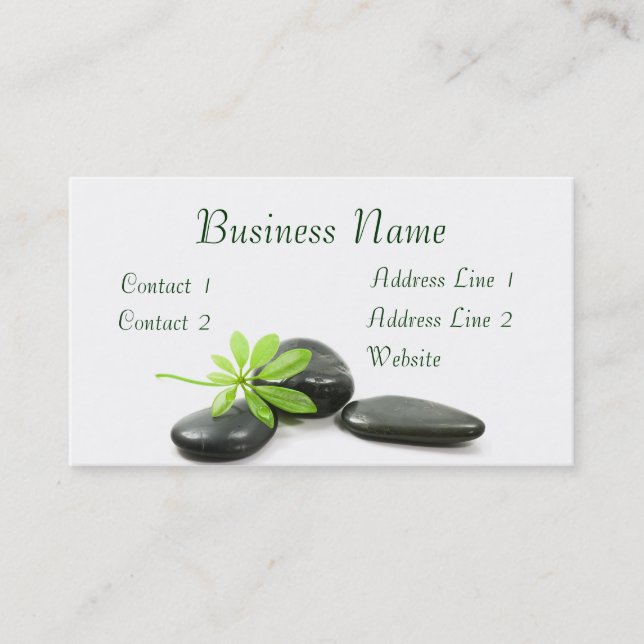 Spa Business Card (Front)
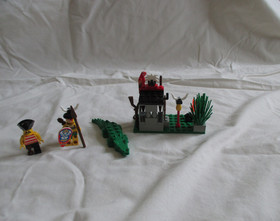 Lego 6246 Islanders -Crocodile Cage-100% complete w/instructions & box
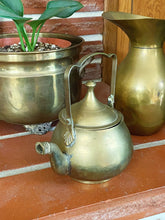 Load image into Gallery viewer, Vintage Solid Brass Kettle / Water Pitcher / Vessel
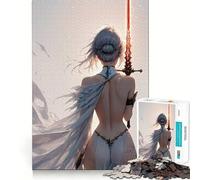 White-Haired Warrior Jigsaw for Adults 1000 Pieces Brain Memory Game Laser Cut for Flawless Fit Unique Gift for Stress Relief (50x75cm)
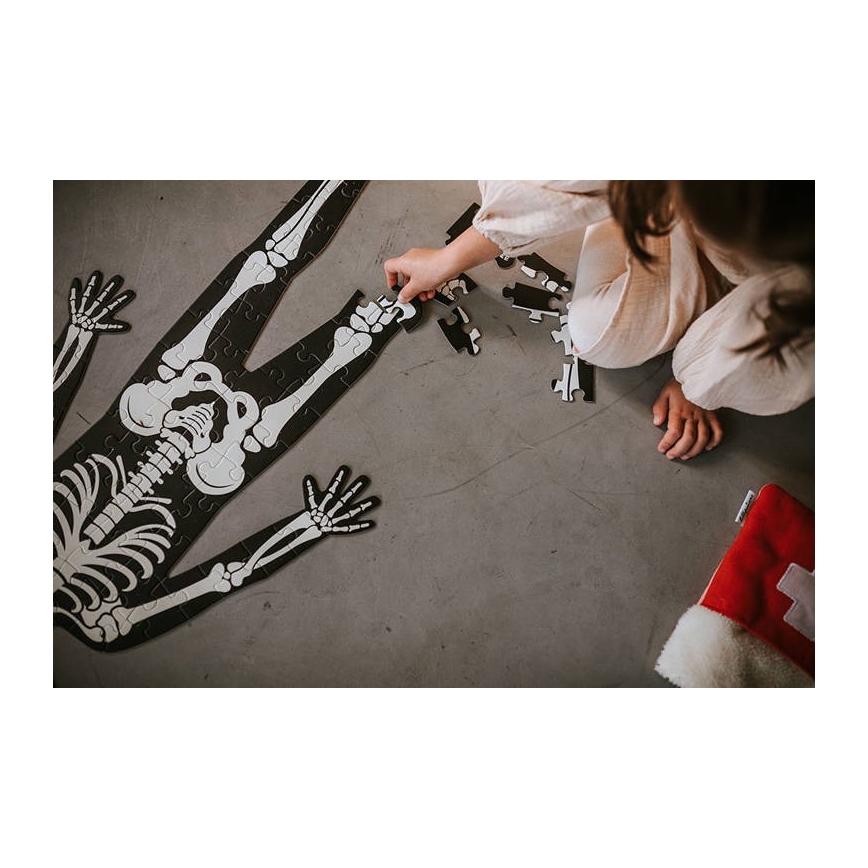 Janod - Puzzle educativo per bambini 225 pezzi corpo umano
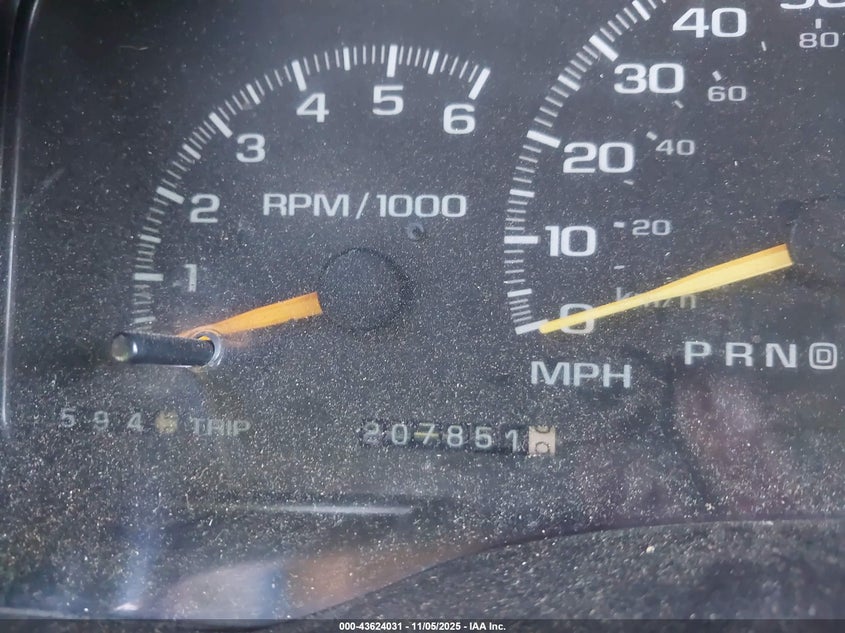 1997 Chevrolet Tahoe Ls VIN: 1GNEK13R6VJ443598 Lot: 43624031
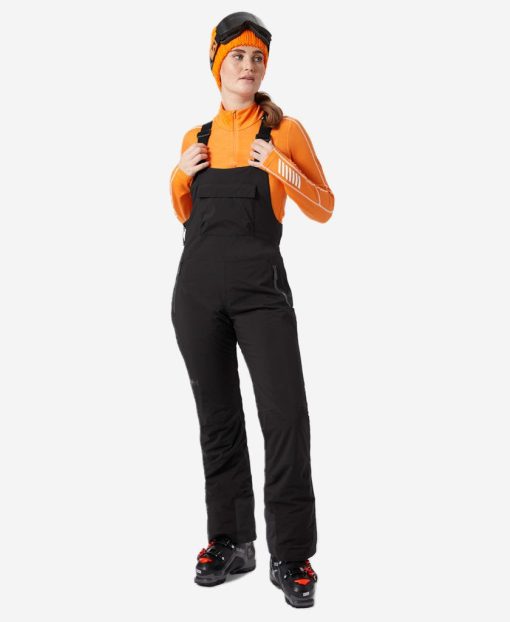 Snow Pants & Bibs | Women Helly Hansen W Legendary Insulated Bib Pant, Black 990 Black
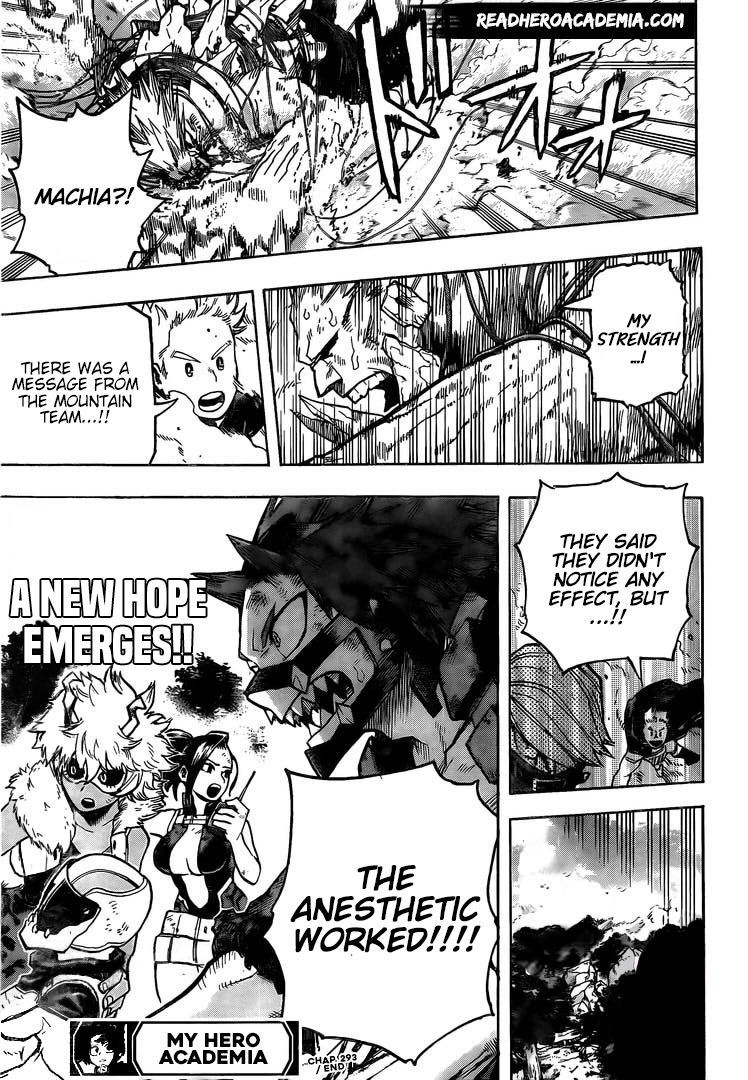 Boku no Hero Academia chapter 293 page 17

━━━━━━━━━━━━━━━━━━━━

### WHAT YOU ARE ASKED TO DO:
Starting at the line that holds "Lego 6246 Islanders", reproduce each line through the last one of the listing, and nothing more; the pictures stay out.

### EXERCISE SOLUTION:
 Lego 6246 Islanders -Crocodile Cage-100% complete w/instructions & box
 Load image into Gallery viewer, Vintage Solid Brass Kettle / Water Pitcher / Vessel
 White-Haired Warrior Jigsaw for Adults 1000 Pieces Brain Memory Game Laser Cut for Flawless Fit Unique Gift for Stress Relief (50x75cm)
 Janod - Puzzle educativo per bambini 225 pezzi corpo umano
 1997 Chevrolet Tahoe Ls VIN: 1GNEK13R6VJ443598 Lot: 43624031
 Snow Pants & Bibs | Women Helly Hansen W Legendary Insulated Bib Pant, Black 990 Black
 Boku no Hero Academia chapter 293 page 17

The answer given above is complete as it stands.